SATC and Call her Daddy are enjoyable because they are deeply relatable. When they discuss their experiences as women, the good, the bad, and the ugly, their audience, primarily white, middle class women, can connect with them. And yet, it is not just the positive aspects of these productions that audiences relate to.
In the episode “Twenty-Something Girls vs. Thirty-Something Women” you nod along as Carrie and her friends belittle and compete with younger girls who they view as a threat, and in an episode of Call Her Daddy called “Professional Athletes” the hosts talk about how it is stupid for a guy to try and make their girlfriend jealous because she will be jealous the minute she sees a pretty girl walk into the room. In both cases, the audience laughs because, honestly, it’s understandable. Women are thought of as being programmed to view other women as their competition when it comes to finding a partner, and there is something wrong with that.

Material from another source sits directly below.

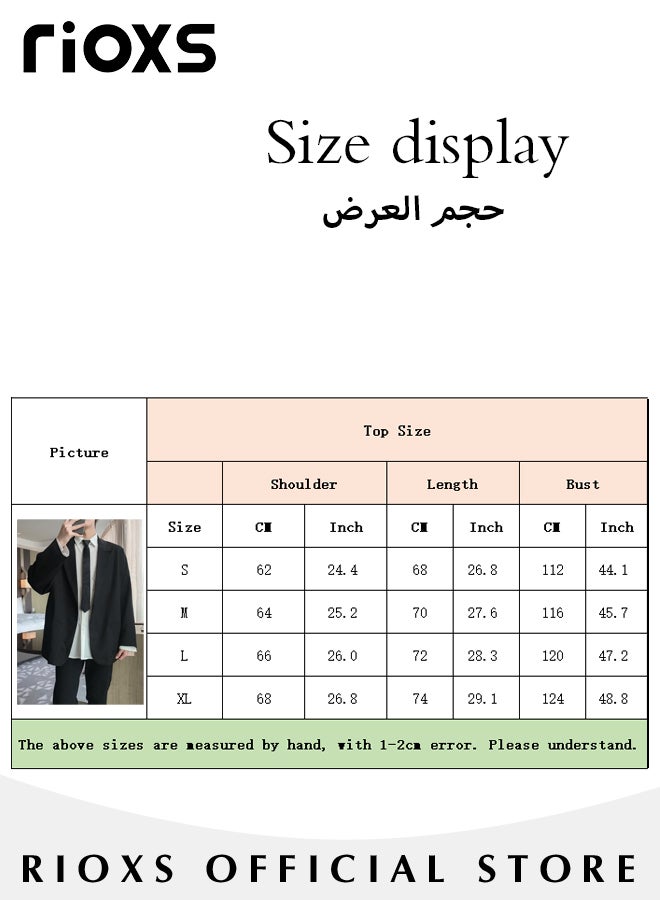 Men's 4 Pieces Fashion Loose Blazer Suit Two Buttons Loose Blazer Jacket & Long Straight Blazer Pants & Short Sleeve White Shirt & Black Tier for  Prom Fashion Party or Daily Wear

SATC and Call Her Daddy need to be enjoyed critically and taken with a grain of salt.
In an episode on college life, Call Her Daddy gave its female listeners the advice to know where they sit on their school’s scale of attractiveness, and to act accordingly. Shouldn’t we as women try to actively support other women, rather than hit them with insults justified by prefaces like, “this is gonna hurt feelings, this is gonna rub people the wrong way – but it’s the f—ing truth?” We laugh because it is true, but should we at least be trying to hold ourselves to a higher standard, or even better, not laugh at the world how it is, but strive to improve it a little?

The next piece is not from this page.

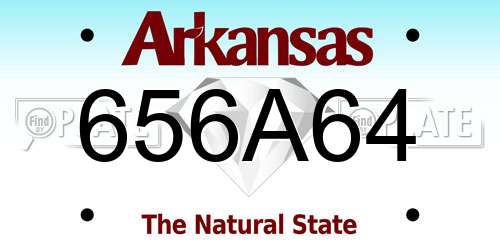 656A64 Arkansas License Plate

Guilty pleasures are largely innocent, and I do not believe that there is anything wrong with enjoying SATC or Call Her Daddy; I clearly enjoy them immensely, but some criticism is warranted. These productions offer anecdotes and advice on how to live as a woman in two different historical moments, but they both focus on how to live within the structures and expectations of society. SATC and Call Her Daddy need to be enjoyed critically and taken with a grain of salt. The legacy of SATC is easily identifiable, as are the controversies that arise as a modern viewer. Will similar issues arise in the future of Call Her Daddy? And so, I advise you to not watch Sex and the City or listen to Call Her Daddy for revolutionary advice on how to live and exist as a woman, but to do so if you need some comic relief or some arguably healthy girl talk.